*Data records*.
○ ○ ○ ○ ○

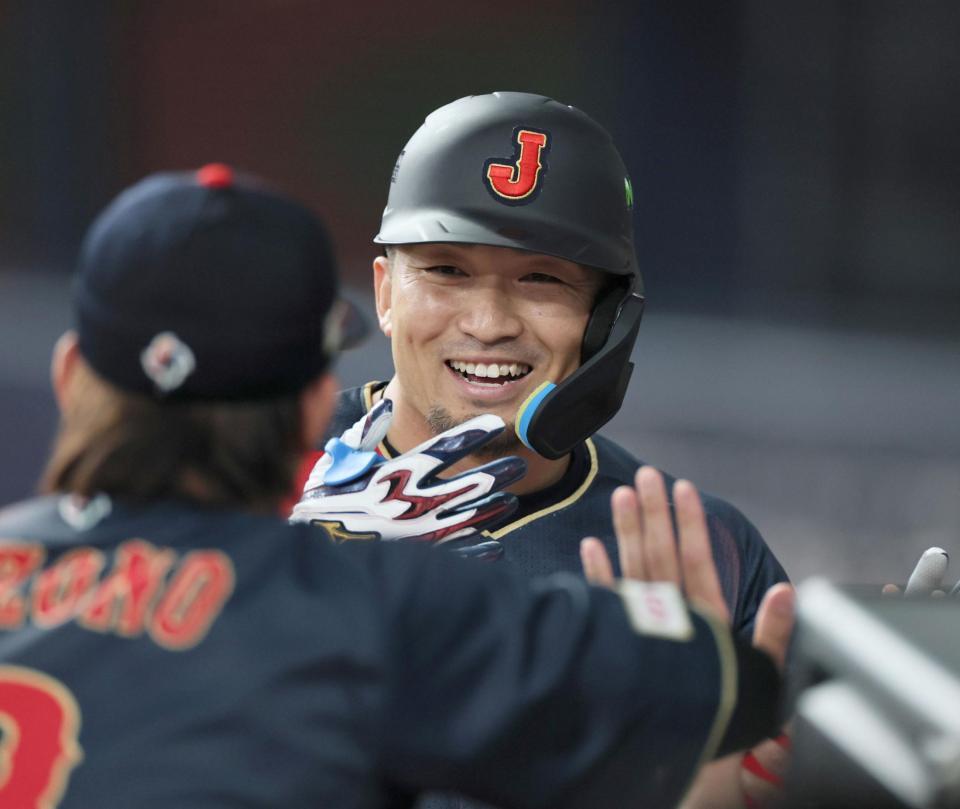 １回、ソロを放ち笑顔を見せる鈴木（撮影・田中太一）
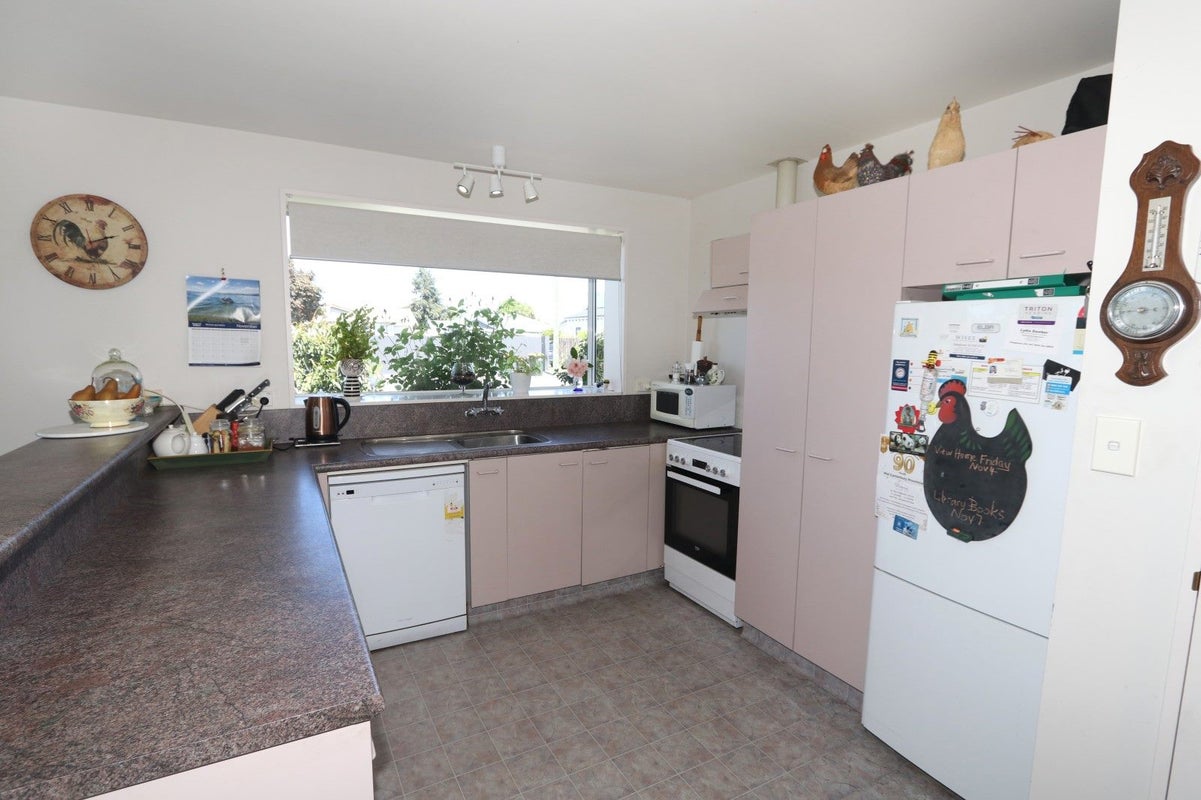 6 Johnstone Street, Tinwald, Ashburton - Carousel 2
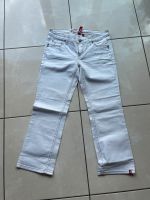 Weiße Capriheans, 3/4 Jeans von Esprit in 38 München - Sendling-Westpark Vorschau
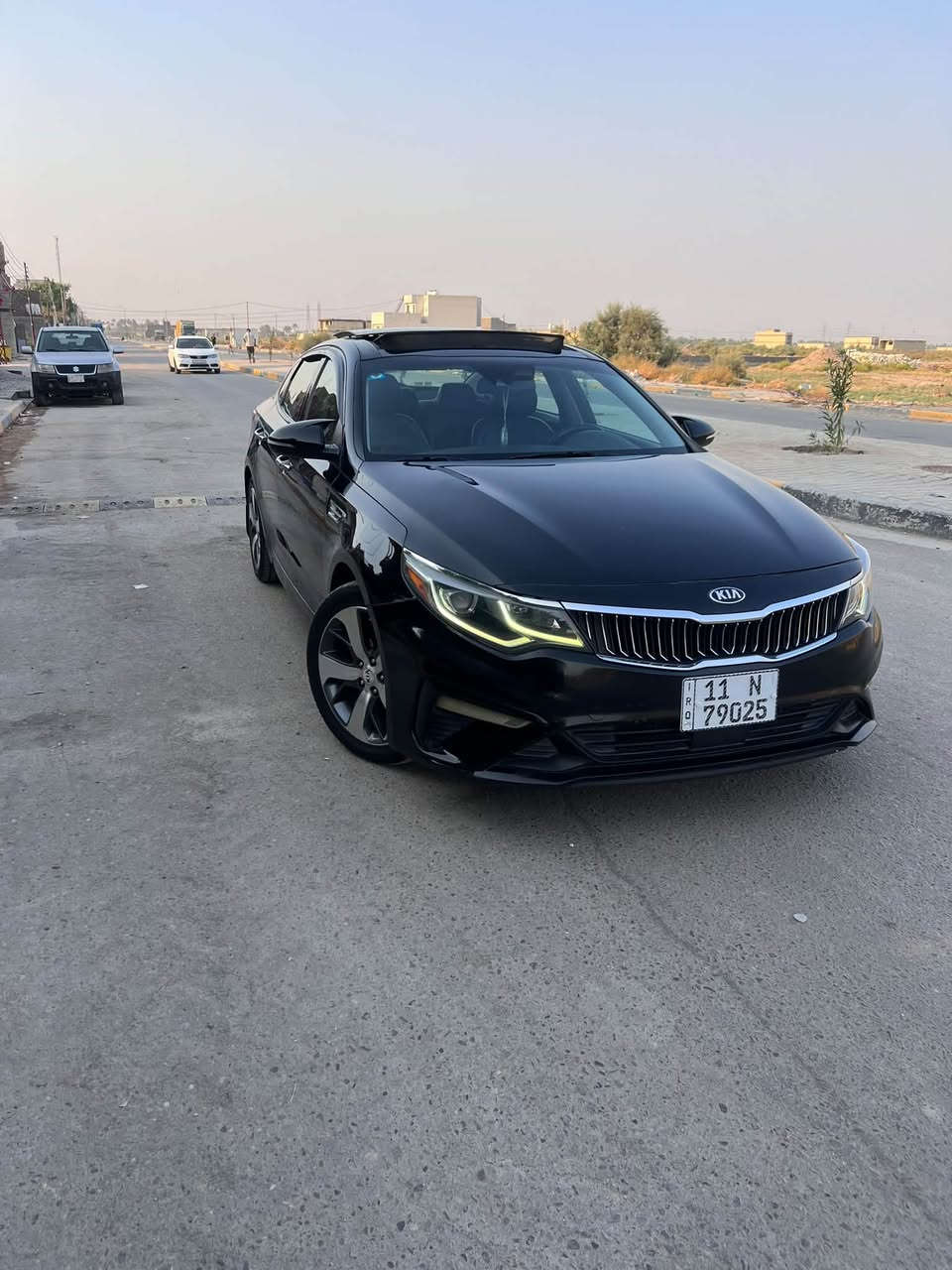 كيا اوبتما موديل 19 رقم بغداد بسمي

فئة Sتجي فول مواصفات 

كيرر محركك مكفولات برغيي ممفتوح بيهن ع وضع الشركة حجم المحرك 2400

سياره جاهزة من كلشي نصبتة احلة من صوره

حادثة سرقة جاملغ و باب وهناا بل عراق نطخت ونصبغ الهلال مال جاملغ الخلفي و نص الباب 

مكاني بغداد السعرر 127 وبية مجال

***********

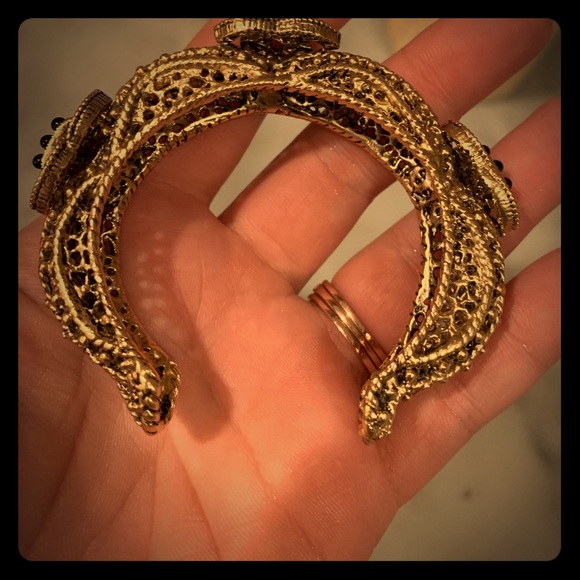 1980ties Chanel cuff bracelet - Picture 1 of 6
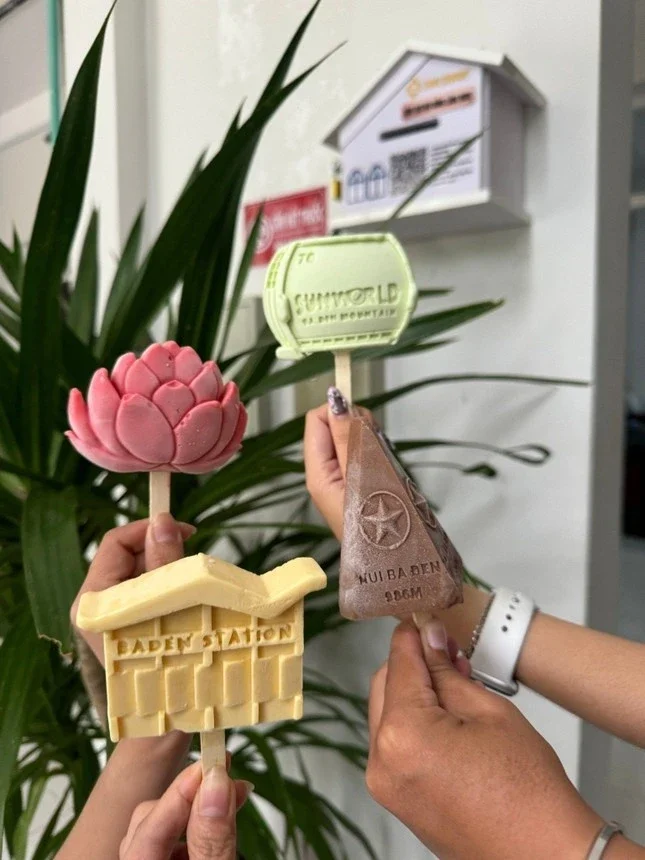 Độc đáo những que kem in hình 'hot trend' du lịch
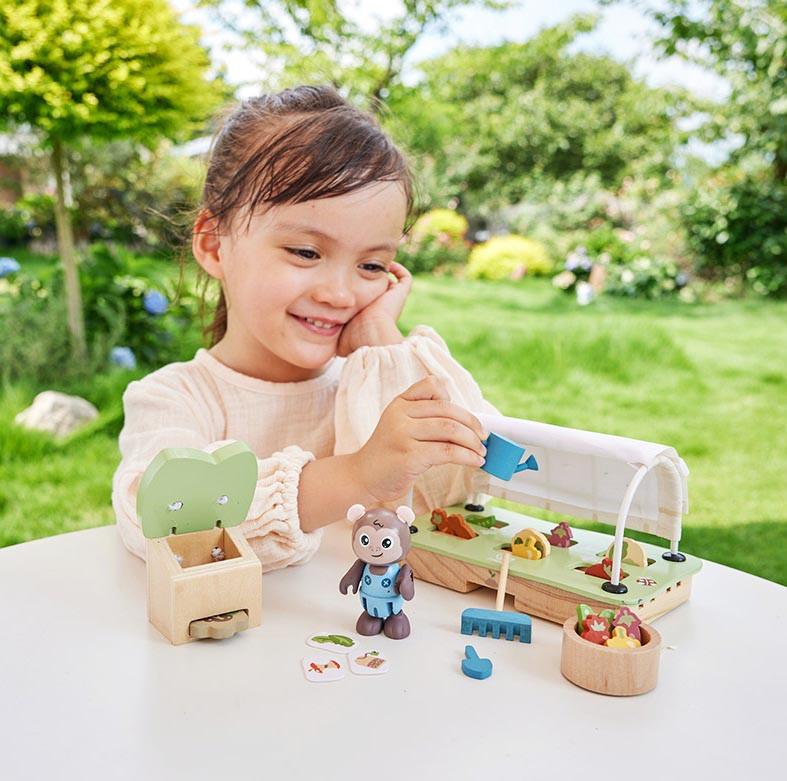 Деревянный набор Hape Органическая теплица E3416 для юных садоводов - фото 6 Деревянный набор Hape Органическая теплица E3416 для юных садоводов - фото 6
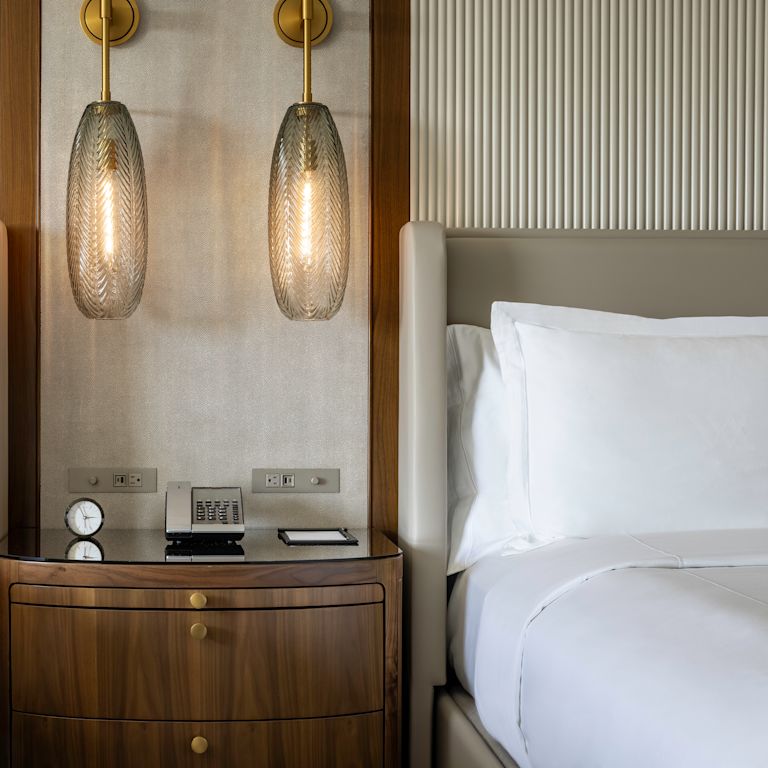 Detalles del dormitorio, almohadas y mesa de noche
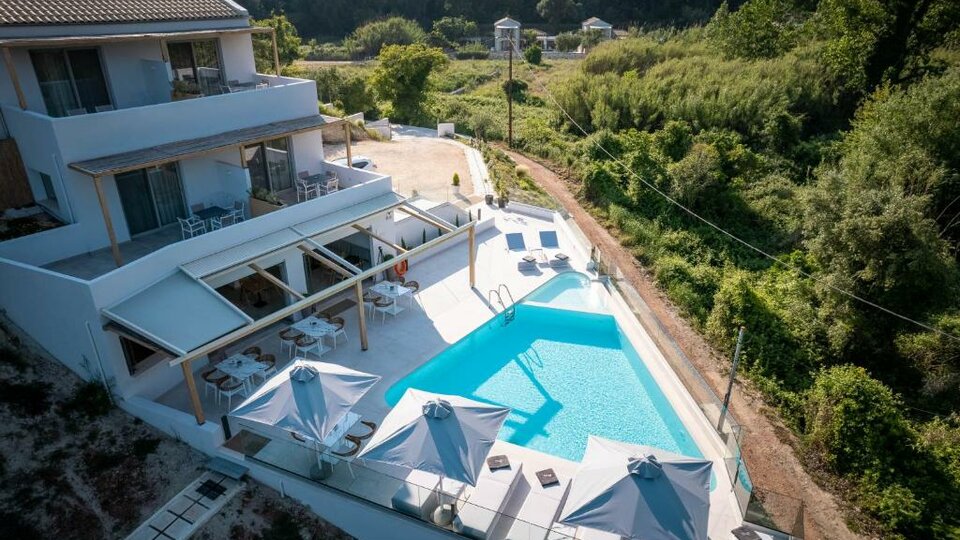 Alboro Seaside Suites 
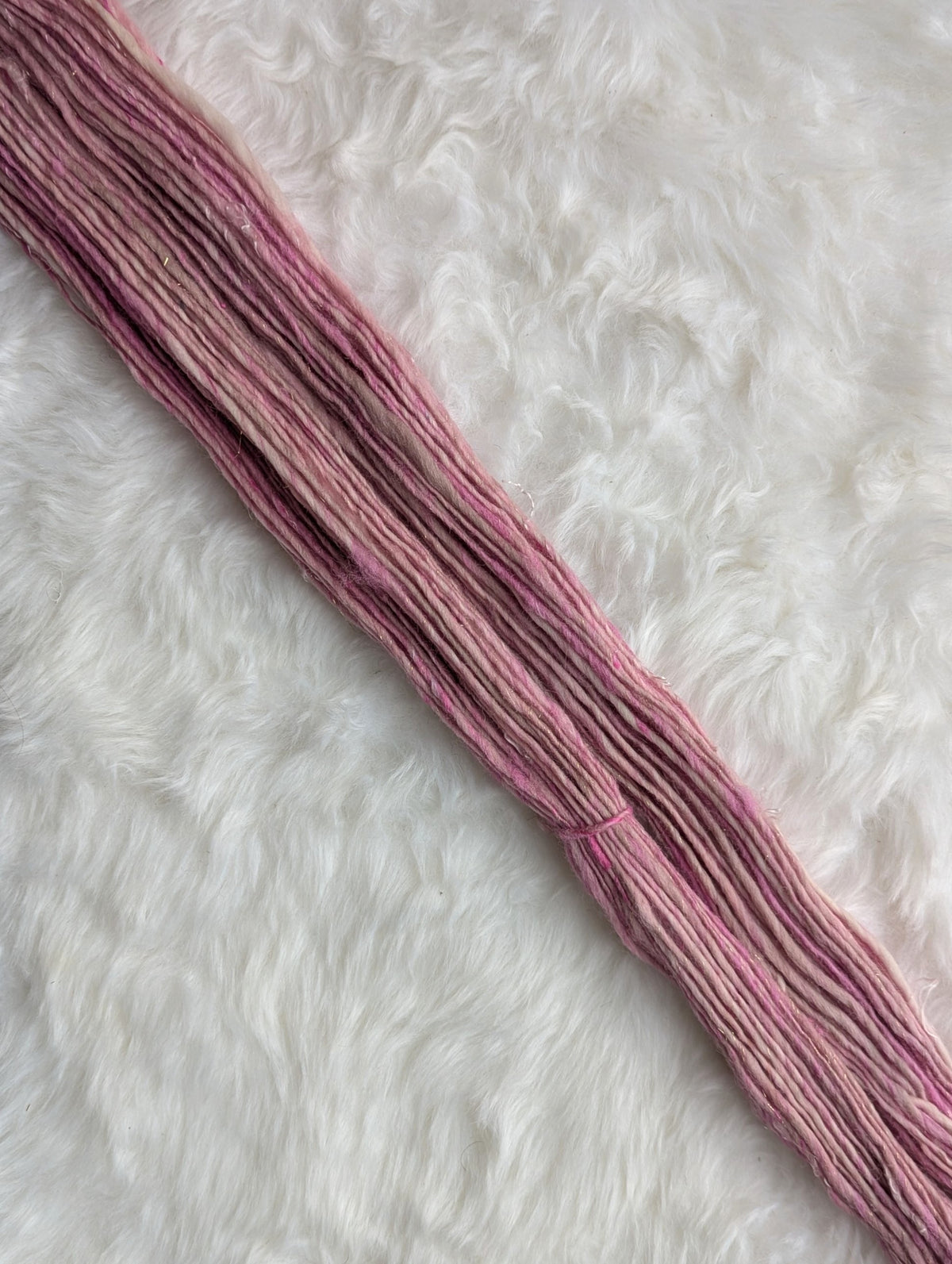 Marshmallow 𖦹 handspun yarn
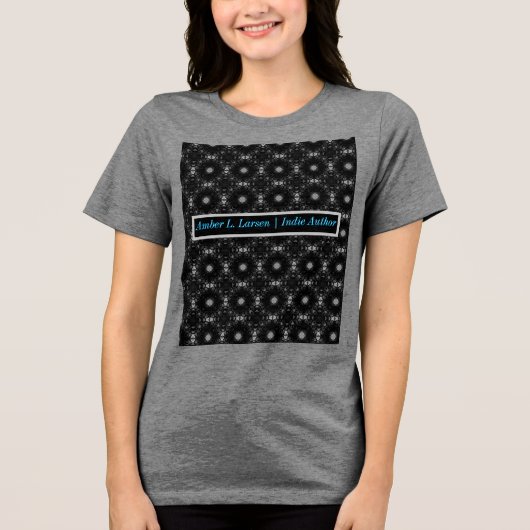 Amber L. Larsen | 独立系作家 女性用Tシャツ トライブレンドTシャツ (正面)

○ ○ ○ ○ ○

*Your instructions*. Each line from the first line of the material above through the line containing "حادثة سرقة جاملغ" is to be reproduced exactly, with both ends kept and pictures left out.

*Exercise result*.
 １回、ソロを放ち笑顔を見せる鈴木（撮影・田中太一）
 6 Johnstone Street, Tinwald, Ashburton - Carousel 2
 Weiße Capriheans, 3/4 Jeans von Esprit in 38 München - Sendling-Westpark Vorschau
 كيا اوبتما موديل 19 رقم بغداد بسمي

فئة Sتجي فول مواصفات 

كيرر محركك مكفولات برغيي ممفتوح بيهن ع وضع الشركة حجم المحرك 2400

سياره جاهزة من كلشي نصبتة احلة من صوره

حادثة سرقة جاملغ و باب وهناا بل عراق نطخت ونصبغ الهلال مال جاملغ الخلفي و نص الباب 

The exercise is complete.